I started taking my shirt off. “You guys have no sense of humor.”
“Shorts, too,” said the coach.
It’s always this way. All the tests are about as tactfully delivered as a prison cavity search. A player feels more like a piece of meat on days like this than any other. As my shirt came off, my glorious pelt of chest hair was revealed. Upon sight of said chest, a few of the players who’d followed me into the testing room yodeled at me like a Wookie.
“Oh, you’re one to talk,” I shot back at them.
More Wookiing.
“Jesus, Hayhurst, mix in some manscaping,” said one of the ever body-conscious weight coaches.
“Now I know why you’re a virgin,” came a comment from the peanut gallery.
“Are we here to test hair or fat?” I asked.
The answer to that question became obvious when the cold steel tongs came out. First, my dimensions were measured with a tape measure: hips, chest, and height. Then I was placed on a scale to check my weight. Then it was pinching time.
Head Meat pulled my loose arm skin, then back skin, then chest skin.
“Stop flexing,” he said.
“I’m not.” I totally was.
“If you keep flexing it just hurts more.”

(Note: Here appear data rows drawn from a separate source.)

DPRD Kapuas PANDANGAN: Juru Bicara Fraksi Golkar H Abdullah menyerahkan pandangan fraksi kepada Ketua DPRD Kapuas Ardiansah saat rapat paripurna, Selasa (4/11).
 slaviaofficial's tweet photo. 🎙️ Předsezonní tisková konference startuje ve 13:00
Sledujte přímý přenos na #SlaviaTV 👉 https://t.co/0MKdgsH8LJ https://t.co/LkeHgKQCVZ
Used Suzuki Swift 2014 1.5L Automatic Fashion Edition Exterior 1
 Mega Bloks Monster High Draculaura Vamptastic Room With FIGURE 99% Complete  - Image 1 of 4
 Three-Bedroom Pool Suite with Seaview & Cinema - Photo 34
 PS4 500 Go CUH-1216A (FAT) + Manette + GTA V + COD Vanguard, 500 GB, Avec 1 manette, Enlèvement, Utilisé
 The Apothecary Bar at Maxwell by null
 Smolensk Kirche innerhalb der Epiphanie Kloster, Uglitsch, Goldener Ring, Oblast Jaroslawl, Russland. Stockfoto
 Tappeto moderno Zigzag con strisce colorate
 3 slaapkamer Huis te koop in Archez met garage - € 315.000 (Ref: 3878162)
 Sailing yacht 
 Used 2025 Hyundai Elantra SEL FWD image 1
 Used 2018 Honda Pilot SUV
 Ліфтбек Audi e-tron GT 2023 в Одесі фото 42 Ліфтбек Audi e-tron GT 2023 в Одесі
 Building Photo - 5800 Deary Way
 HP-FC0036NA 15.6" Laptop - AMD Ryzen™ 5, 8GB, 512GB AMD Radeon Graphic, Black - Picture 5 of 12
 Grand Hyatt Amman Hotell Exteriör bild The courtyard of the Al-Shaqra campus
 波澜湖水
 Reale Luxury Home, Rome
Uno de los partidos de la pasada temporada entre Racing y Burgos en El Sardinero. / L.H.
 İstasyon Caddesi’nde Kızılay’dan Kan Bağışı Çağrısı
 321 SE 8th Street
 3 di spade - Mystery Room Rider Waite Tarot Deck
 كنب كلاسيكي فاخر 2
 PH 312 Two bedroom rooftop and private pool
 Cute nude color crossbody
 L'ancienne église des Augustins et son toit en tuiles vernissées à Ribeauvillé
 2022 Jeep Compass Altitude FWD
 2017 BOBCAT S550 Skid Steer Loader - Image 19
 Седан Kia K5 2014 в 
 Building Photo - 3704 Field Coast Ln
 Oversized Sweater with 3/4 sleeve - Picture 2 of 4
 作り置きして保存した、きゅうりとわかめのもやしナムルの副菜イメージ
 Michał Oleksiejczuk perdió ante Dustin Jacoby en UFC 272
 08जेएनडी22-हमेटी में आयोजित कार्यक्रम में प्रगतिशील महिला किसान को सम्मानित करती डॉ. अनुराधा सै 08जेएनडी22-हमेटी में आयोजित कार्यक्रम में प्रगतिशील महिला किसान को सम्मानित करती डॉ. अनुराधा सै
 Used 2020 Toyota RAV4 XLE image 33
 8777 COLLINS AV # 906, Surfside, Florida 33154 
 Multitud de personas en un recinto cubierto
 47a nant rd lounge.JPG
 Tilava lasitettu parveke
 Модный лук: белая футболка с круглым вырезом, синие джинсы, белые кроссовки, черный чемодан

The coach continued pinching while reading the numbers as he went. When he got to my waistline, I cringed. This would be the deal breaker. The coach didn’t read the number off, but opted to punch it into the computer himself. Finished, they totaled all the data into their fat kid diagnosis machine. I held my breath until the coaches declared I had 16 percent body fat.
“Not bad, Hay, that’s a pretty good meltdown since the last time you were here.”
“Well, you guys really inspired me to get better,” I said.
“Whatever it was, it’s a good thing because the last time you were in here you had laid down some serious body fat. What was it the guys called you, ‘Double-Stuffed’?”
I stared at the boss meathead, a guy named Stan, thinking of what it would feel like to pinch those calipers around his neck.
“Well, that was before I had you guys here to teach me,” I said. “A lot of players don’t realize that you’re not just here to lay out cones, carry stretch bands, and click stopwatches. I mean, the Padres hired you to help us make our bodies better and that’s what I tried to do, take your wisdom and apply it.”
“Well, to be honest, it’s about time you applied something. You’re one of the older guys in this system and we shouldn’t have to tell you to be in shape at this point.”
“Thank you for being such a
positive
role model,” I said through gritted teeth.
“That’s my job. Yours is running in group one’s conditioning circuit. Now get off my scale, hair ball.”